Emily Ladau is a communications consultant and disability rights advocate who is passionate about harnessing the power of online platforms as tools for people to be informed and engaged about disability and other social justice issues. Through writing and strategic social media outreach, her career is focused on sparking positive change within the disability community and society at large.
Through experience gained from running her own business, Emily brings a strong background in managing online presence to the Concepts Communications team. She currently supports the Campaign for Disability Employment (CDE) a U.S. Department of Labor Office of Disability Employment Policy initiative, assisting in the development and implementation of social media platform growth strategies. Emily also supports project management of Clear2Connect, an initiative dedicated to preserving the right for Americans with hearing disabilities to access the technology they need to communicate—as is their right under the Americans with Disabilities Act.

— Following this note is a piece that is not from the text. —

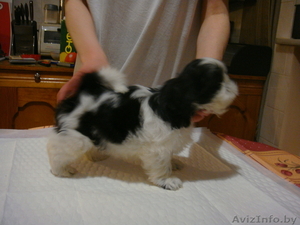 продаются щенки ши-тцу в минске #234089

Emily is the author of Demystifying Disability: What to Know, What to Say, and How to be an Ally, published by Ten Speed Press, an imprint of Penguin Random House. Emily’s writing has been published in outlets including The New York Times, SELF, Salon, Vice, and HuffPost and she has served as a source for outlets including PBS NewsHour, NPR, Vox, and Washington Post. She has spoken before numerous audiences, from the U.S. Department of Education to the United Nations. Her goal is to bring about perspective shifts, encouraging people to understand disability in more positive, accepting, and inclusive ways.
Emily graduated summa cum laude from Adelphi University in 2013 with a bachelor of arts in English and in 2017, was named one of Adelphi’s 10 Under 10 Young Alumni. She now serves on their Board of Trustees. In 2018, Emily was awarded the Paul G. Hearne Emerging Leader Award from the American Association of People with Disabilities. All of Emily’s work is driven by her belief that if we want the world to be accessible to people with all types of disabilities, we must make ideas and concepts surrounding disability accessible to the world.